FooVTable const* const FooVTables[] = { FooVTableFoo, FooVTableBar };

enum class FooVTableIndex: unsigned short {
    Foo,
    Bar
};

Then all you need in your Foo class is to hold onto the most derived type:

class Foo {
public:

    void dofunc(int i, int j) {
        (this->*(table()->_do))(i, j);
    }

protected:
    FooVTable const* table() const { return FooVTables[_vindex]; }

private:
    FooVTableIndex _vindex;
};

The closed hierarchy is there because of the FooVTables array and the FooVTableIndex enumeration which need be aware of all the types of the hierarchy.

The enum index can be bypassed though, and by making the array non constant it is possible to pre-initialize to a larger size and then at init having each derived type registering itself there automatically. Conflicts of indexes are thus detected during this init phase, and it is even possible to have automatic resolution (scanning the array for a free slot).

This may be less convenient, but does provide a way to open the hierarchy. Obviously it’s easier to code before any thread is launched, as we are talking global variables here.

3) Hand-made polymorphism

(only really works for closed hierarchies)

The latter is based on my experience exploring the LLVM/Clang codebase. A compiler has the very same problem that you are faced with: for tens or hundreds of thousands of small items a vpointer per item really increases memory consumption, which is annoying.

Therefore, they took a simple approach:

• each class hierarchy has a companion enum listing all members
• each class in the hierarchy passes its companion enumerator to its base upon construction
• virtuality is achieved by switching over the enum and casting appropriately

In code:

enum class FooType { Foo, Bar, Bor };

class Foo {
public:
    int dodispatcher() {
        switch(_type) {
        case FooType::Foo:
            return static_cast<Foo&>(*this).dosomething();

        case FooType::Bar:
            return static_cast<Bar&>(*this).dosomething();

        case FooType::Bor:
            return static_cast<Bor&>(*this).dosomething();
        }
        assert(0 && "Should never get there");
    }
private:
    FooType _type;
};

The switches are pretty annoying, but they can be more or less automated playing with some macros and type list.
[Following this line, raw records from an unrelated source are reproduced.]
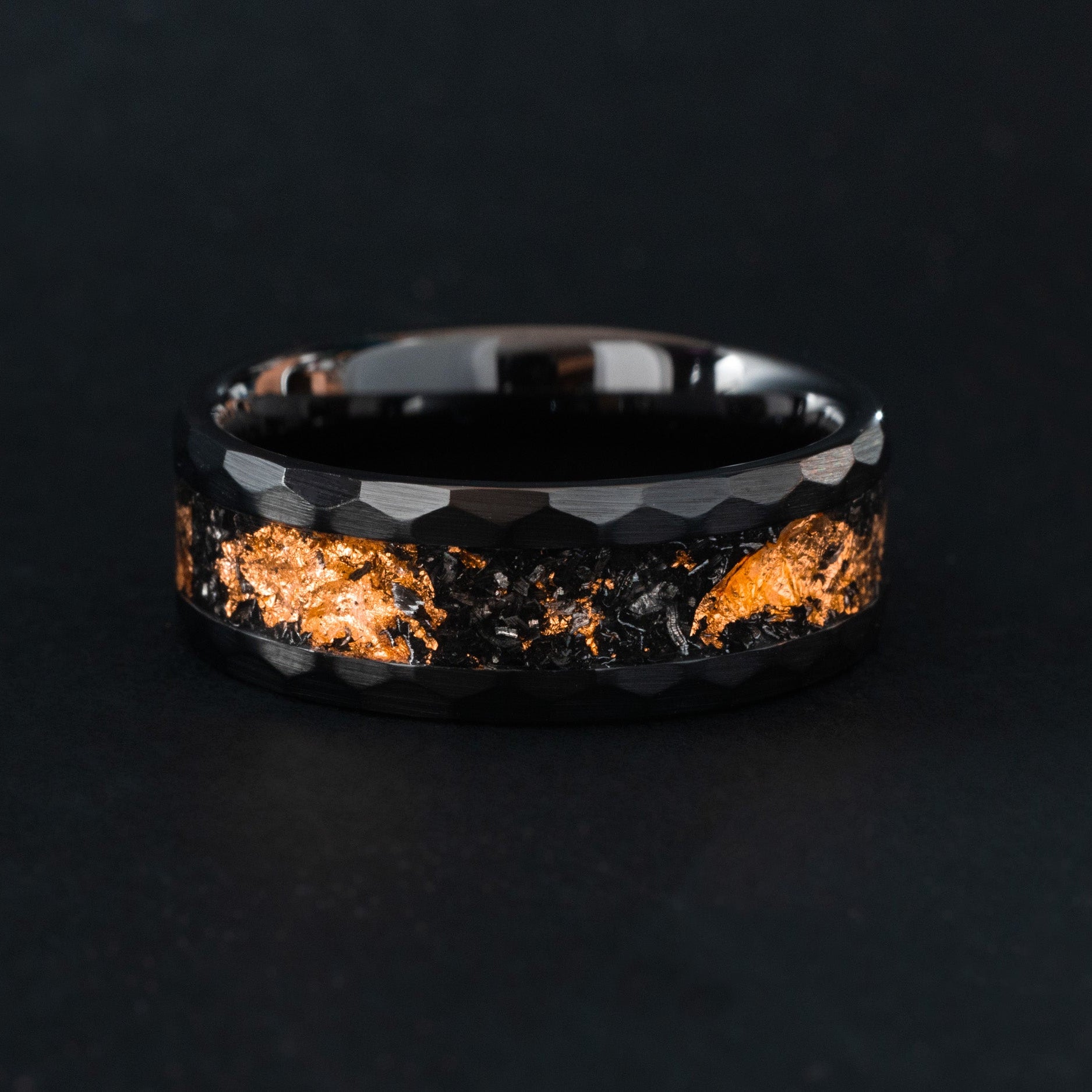 Handcrafted hammered black ceramic wedding band featuring celestial meteorite fragments and copper inlay.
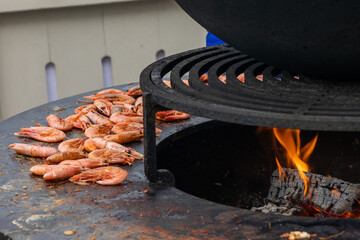 Cooking shrimp on the grill with fire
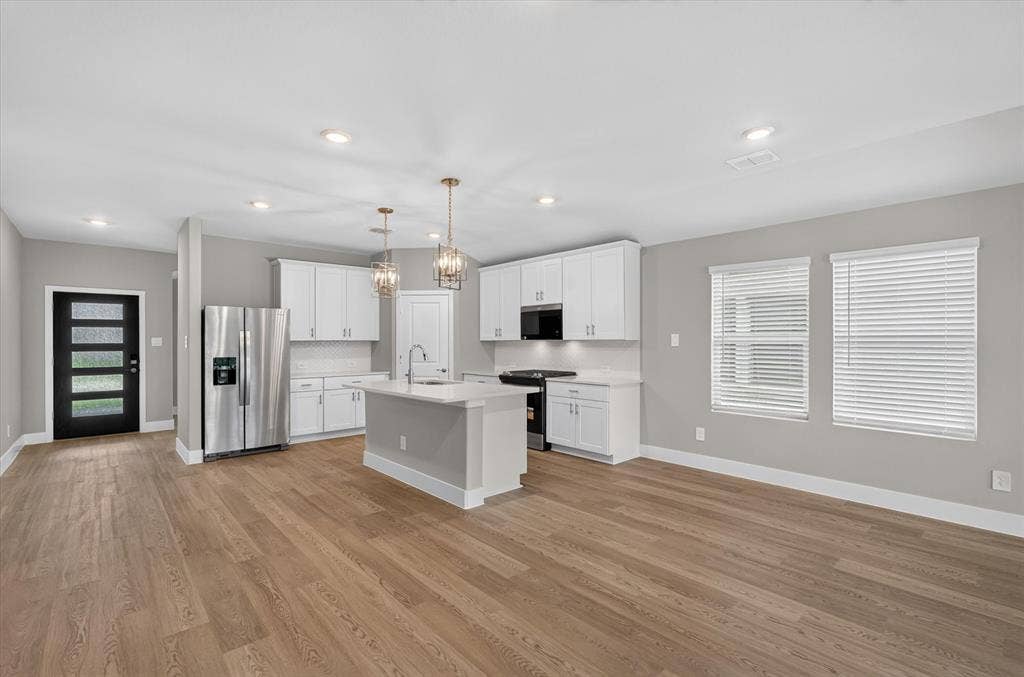 6108 Chickney Drive, Princeton, TX 75071 Kitchen featuring white cabinetry, wood-finish flooring, a center island with a built-in sink, stainless steel appliances, and recessed lighting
LLVM typically use a file like:

 // FooList.inc
 ACT_ON(Foo)
 ACT_ON(Bar)
 ACT_ON(Bor)

and then you do:

 void Foo::dodispatcher() {
     switch(_type) {
 #   define ACT_ON(X) case FooType::X: return static_cast<X&>(*this).dosomething();

 #   include "FooList.inc"

 #   undef ACT_ON
     }

     assert(0 && "Should never get there");
 }

Chris Lattner commented that due to how switches are generated (using a table of code offsets) this produced code similar to that of a virtual dispatch, and thus had about the same amount of CPU overhead, but for a lower memory overhead.

Obviously, the one drawback is that Foo.cpp need to include all of the headers of its derived classes. Which effectively seals the hierarchy.

I voluntarily presented the solutions from the most open one to the most closed one. They have various degrees of complexity/flexibility, and it is up to you to choose which one suits you best.

One important thing, in the latter two cases destruction and copies require special care.